300 gün sonra üç golle deplasman galibiyeti

Haberin Devamı

Uğurcan Çakır, Piotek’ten gol yememeye yeminliydi adeta! İlk yarının hemen başında Piotek’in deyim yerindeyse boğayı yere serecek, isabet edeni devirecek kafa topuna öyle bir uçuş yaptı ki, izleyenler izlemeyenlere THY’nin en büyük rakibinin Trabzonspor kaptanı Uğurcan Çakır’ın olduğunu söyleyebilirler!
Ya ikinci yarının hemen başında yine Piotek’in ayağından çıkan penaltı vuruşuna yaptığı çifte kavrulmuş kurtarışına ne demeli? Trabzonspor kaptanı önce soluna kedi çevikliğiyle zıpladı, sonra da sekip rakibin önüne düşen topa panter kesildi!
Trabzonspor aleyhine verilen penaltıya bir parantez açmak gerekirse; oyuncuların kramponlarının ucunun birbirine değmesi bir yana, Umut Güneş, Trabzonsporlu oyuncunun rüzgarından etkilenmiş olacak ki yuvarlandıkça yuvarlandı. Trabzonspor maçlarında alışık olduğumuz için penaltı verilmesine çok da şaşırmadık, alıştık artık!
Açıkçası kaptan şampiyon oldukları sezondan kesitler sundu.

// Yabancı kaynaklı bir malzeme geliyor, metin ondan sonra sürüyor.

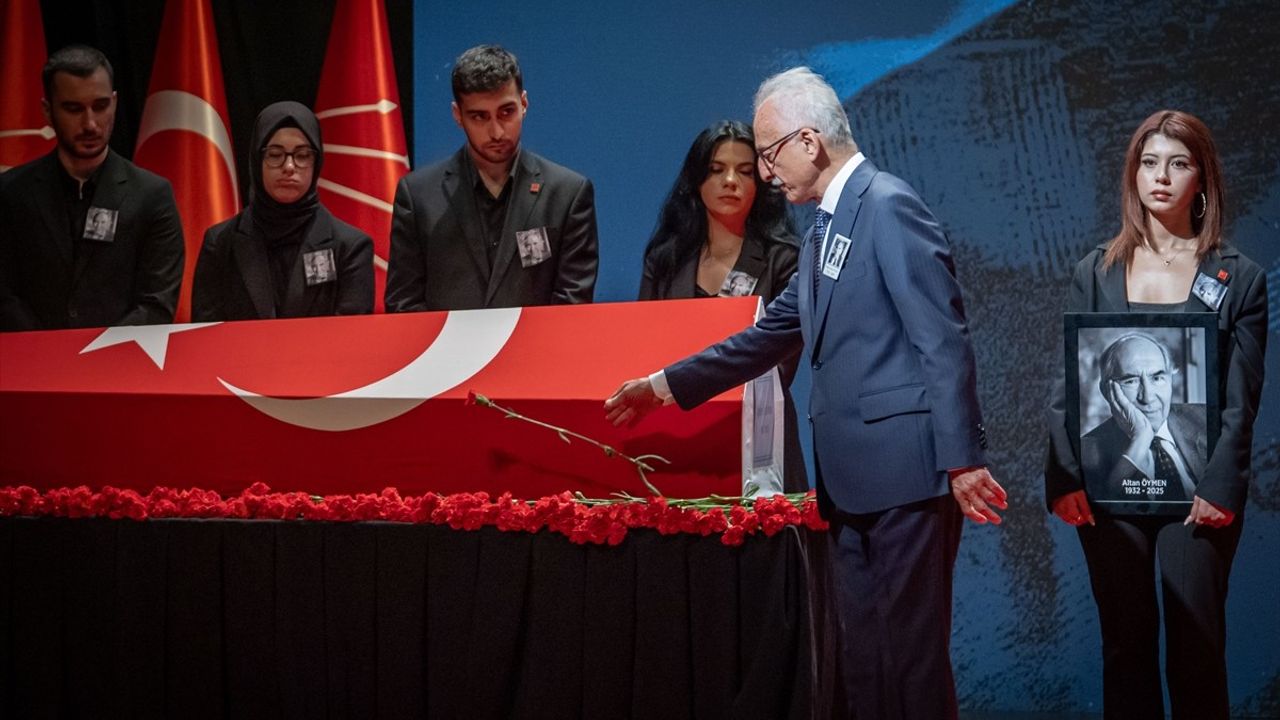 Altan Öymen için Duygusal Veda Töreni Gerçekleşti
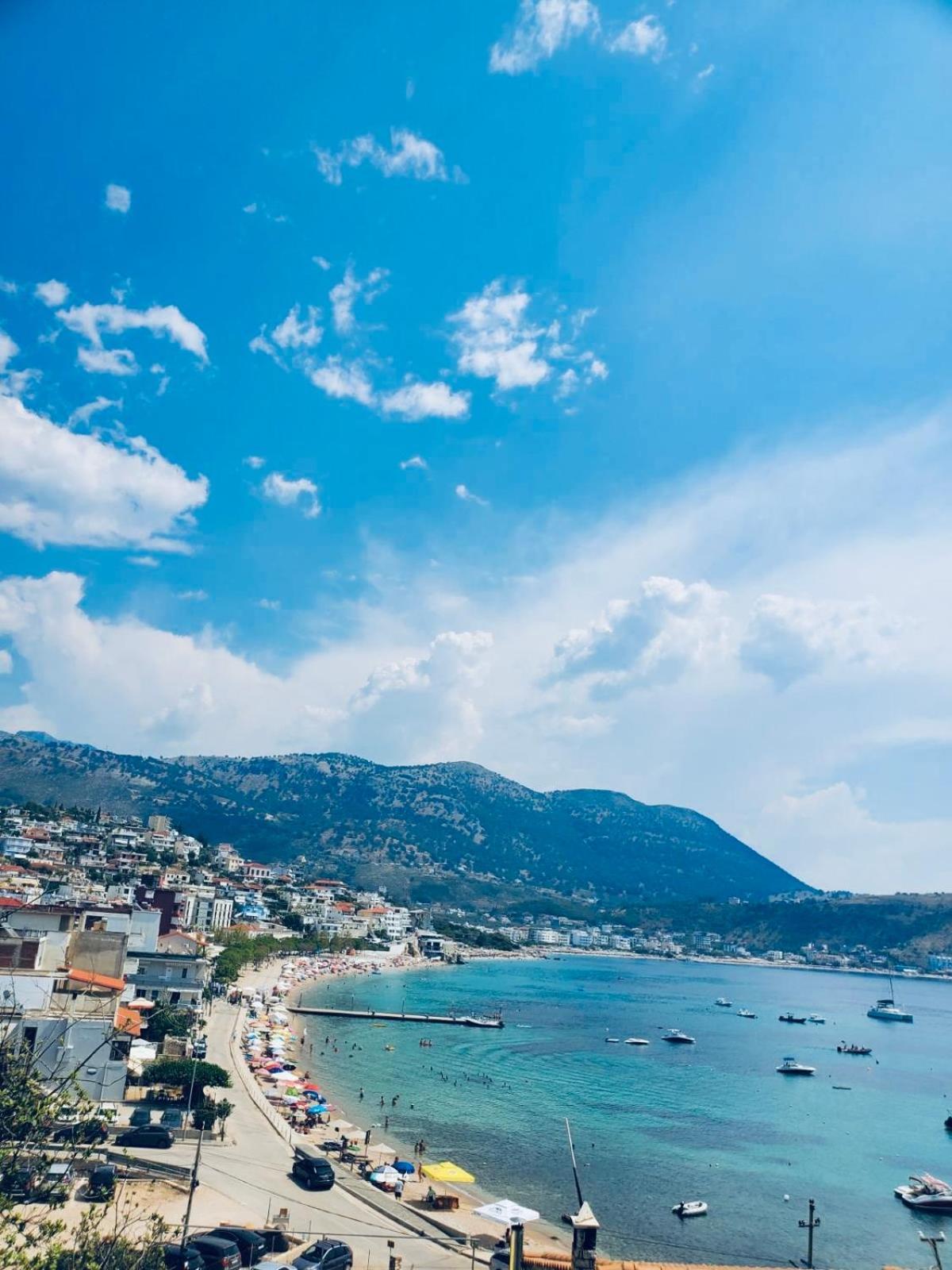 Viktora'S House Apartment Himare Bagian luar foto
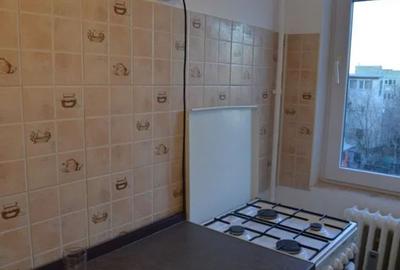 Garsonieră decomandată în Ștefan cel Mare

Ne diyelim Allah nazardan, sakatlıklardan korusun!
Leyla’nın Mecnun’a, Ferhat’ın Şirin’e kavuşmak istediği gibi yıllar sonra Trabzonspor hayalleri gerçekleşen çiçeği burnunda Fatih Tekke, oyuncularına önce defans güvenliği diyerek bekleyerek oynamalarını istemiş.
Her ne kadar ilk yarının ve ikinci yarının başlarında kanatları devreye sokarak oynayan, ısrarla oynamaya çalışan Başakşehir karşısında zor anlar yaşamış olsalar da kademeli savunma anlayışıyla ve de Uğurcan’ın kalesinde devleşmesiyle başlarına gelmesini istemedikleri durumla karşılaşmadılar.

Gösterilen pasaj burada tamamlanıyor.